Assignment: Leave out the pictures and retype, exactly, the lines below from the line with "Can the power grid hold up?" up to and including the line with "Photo of Bathroom in Chuffilly-Roche", nothing more.

(Crawled caption data)
****************

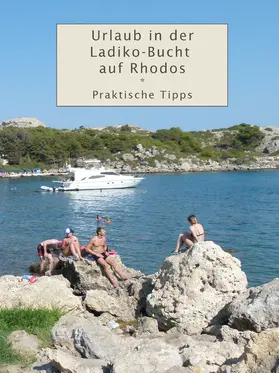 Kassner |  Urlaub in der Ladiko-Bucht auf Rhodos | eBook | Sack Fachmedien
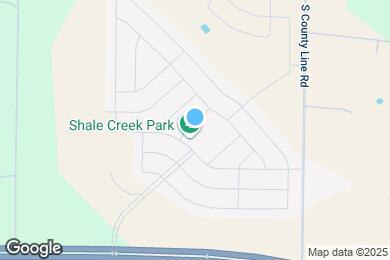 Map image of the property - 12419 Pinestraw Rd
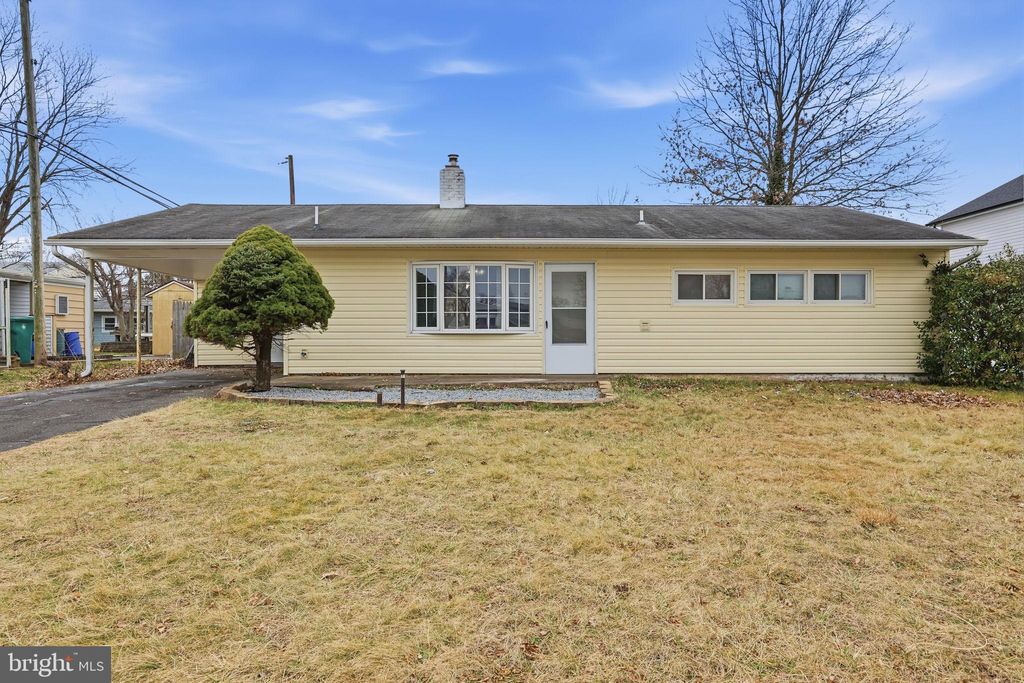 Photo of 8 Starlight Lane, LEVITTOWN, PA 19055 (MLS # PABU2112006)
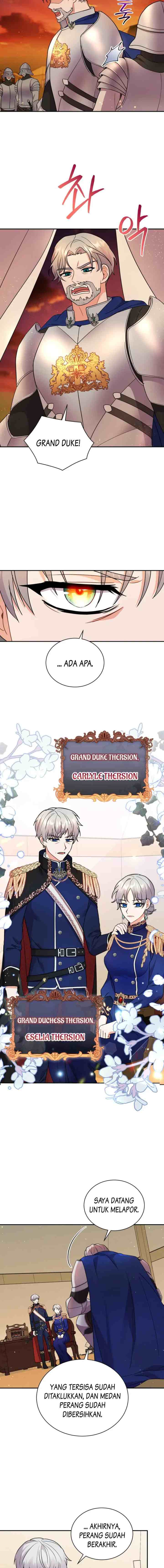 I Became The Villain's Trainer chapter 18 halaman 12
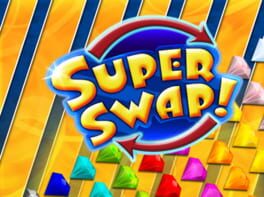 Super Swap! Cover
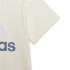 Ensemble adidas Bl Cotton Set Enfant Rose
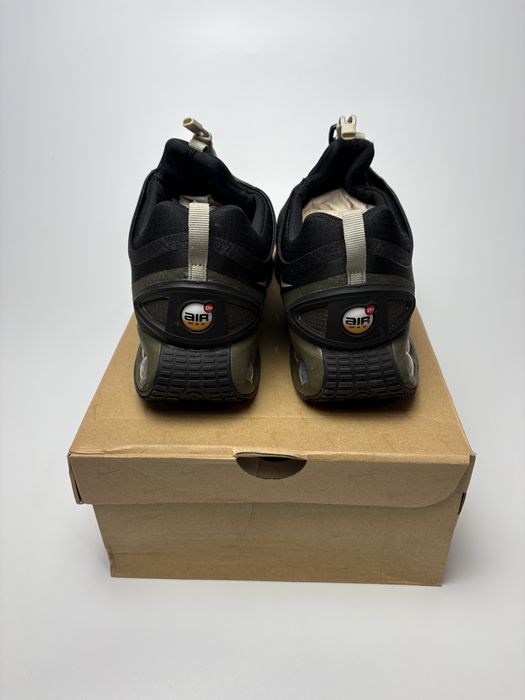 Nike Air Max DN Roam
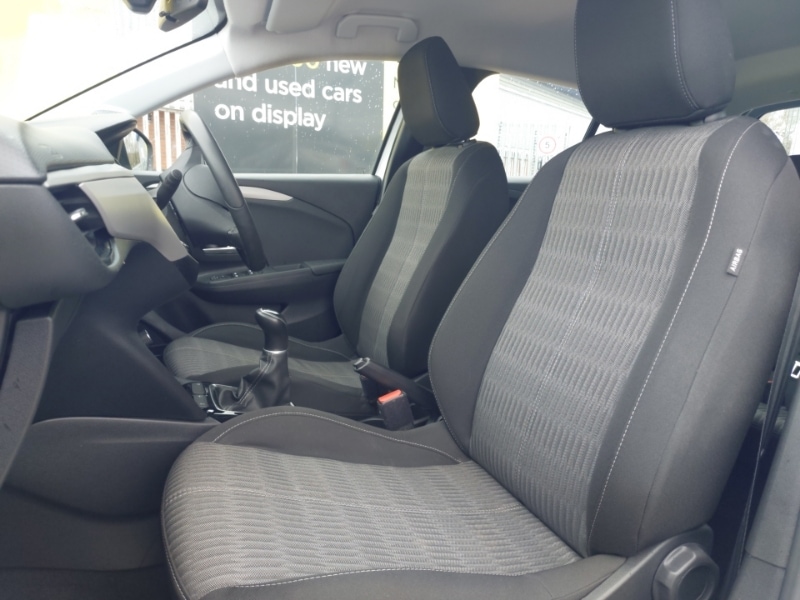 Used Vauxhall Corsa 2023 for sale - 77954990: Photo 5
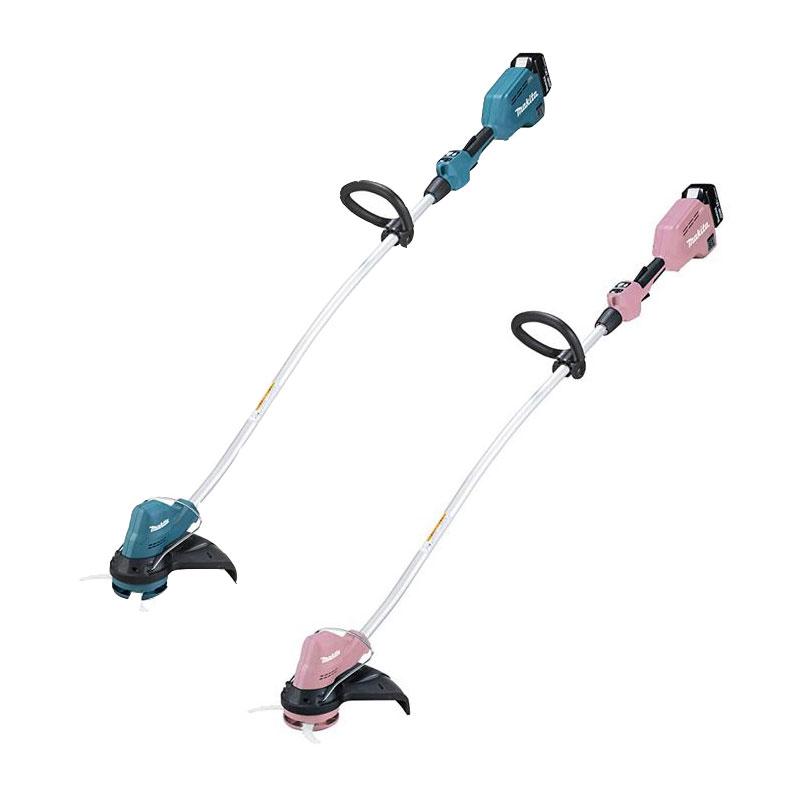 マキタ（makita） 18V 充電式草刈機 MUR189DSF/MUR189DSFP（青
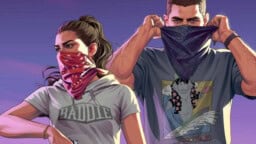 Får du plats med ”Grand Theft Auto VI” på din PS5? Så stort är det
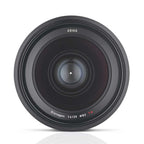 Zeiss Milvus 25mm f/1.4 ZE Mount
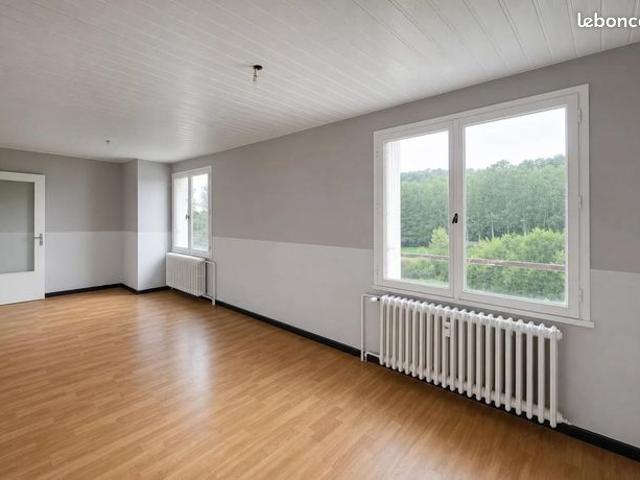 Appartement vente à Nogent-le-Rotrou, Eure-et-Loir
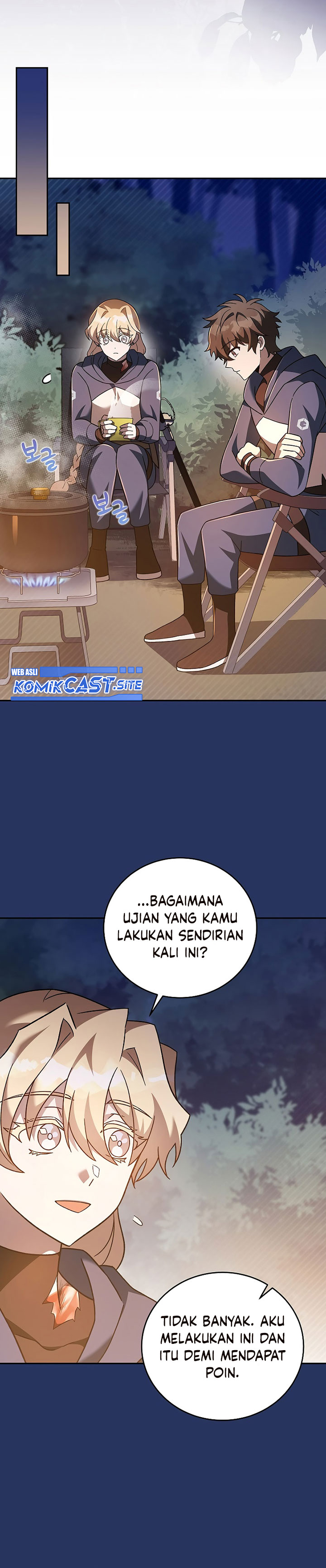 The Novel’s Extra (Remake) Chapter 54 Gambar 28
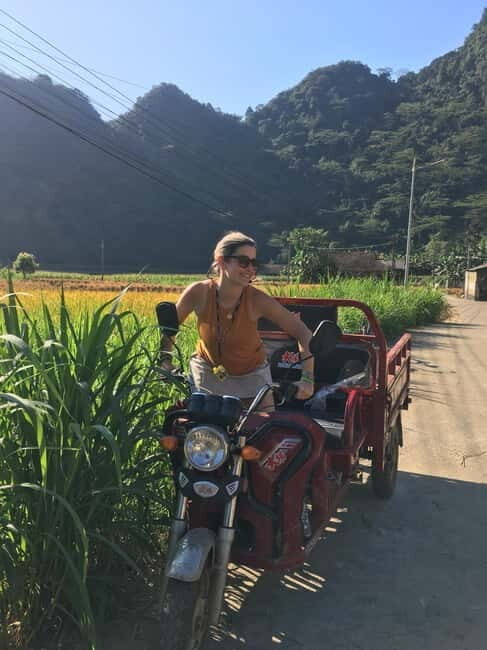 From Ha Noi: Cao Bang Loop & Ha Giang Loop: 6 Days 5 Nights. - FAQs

****************

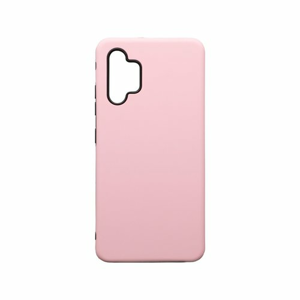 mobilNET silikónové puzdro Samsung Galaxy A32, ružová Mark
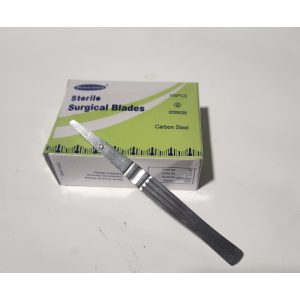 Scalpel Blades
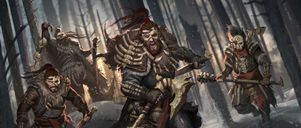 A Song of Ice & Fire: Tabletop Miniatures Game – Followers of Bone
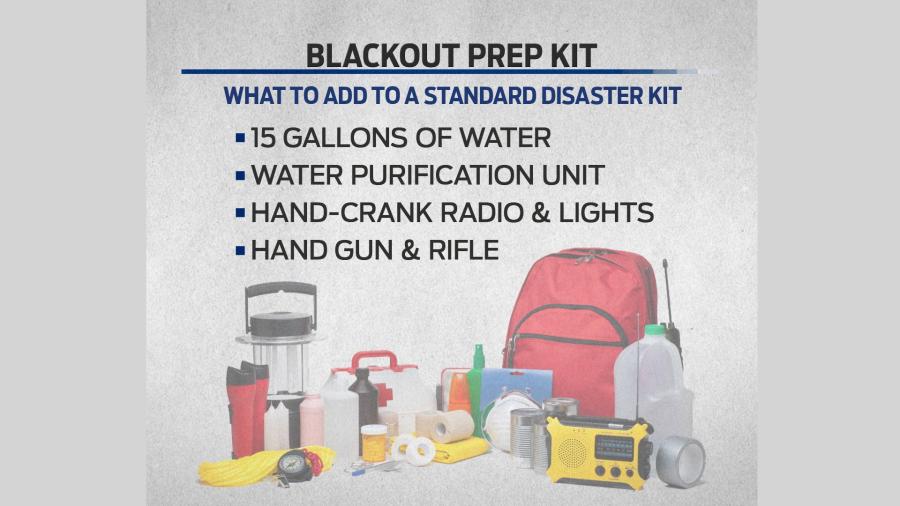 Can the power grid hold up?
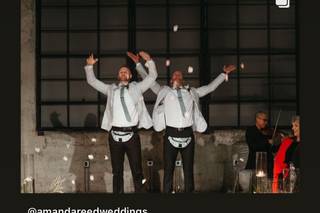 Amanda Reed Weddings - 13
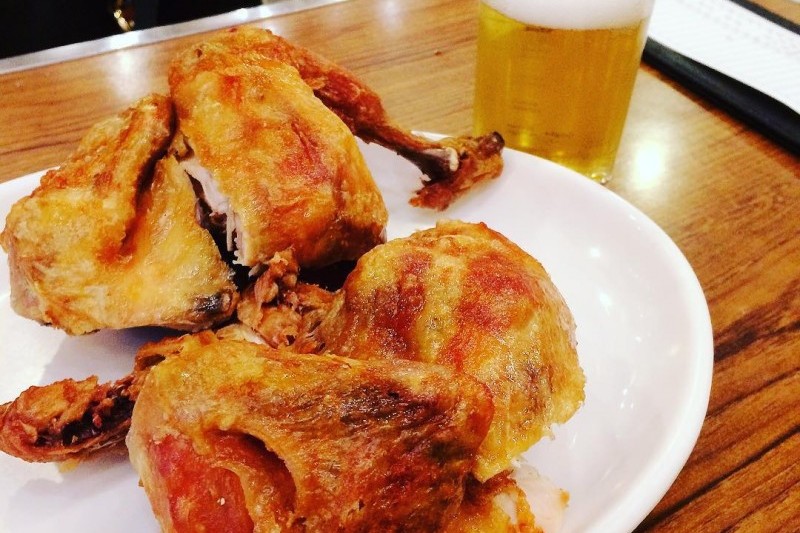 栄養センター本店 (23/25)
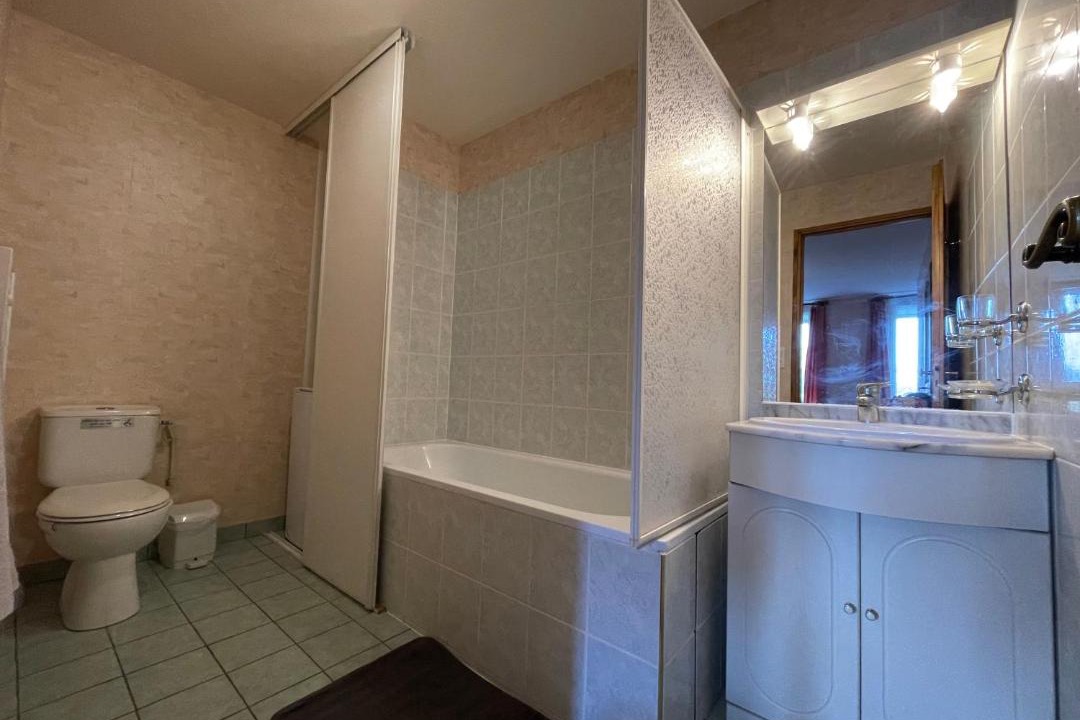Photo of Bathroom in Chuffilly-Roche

****************

Response area:
 Can the power grid hold up?
 Amanda Reed Weddings - 13
 栄養センター本店 (23/25)
Photo of Bathroom in Chuffilly-Roche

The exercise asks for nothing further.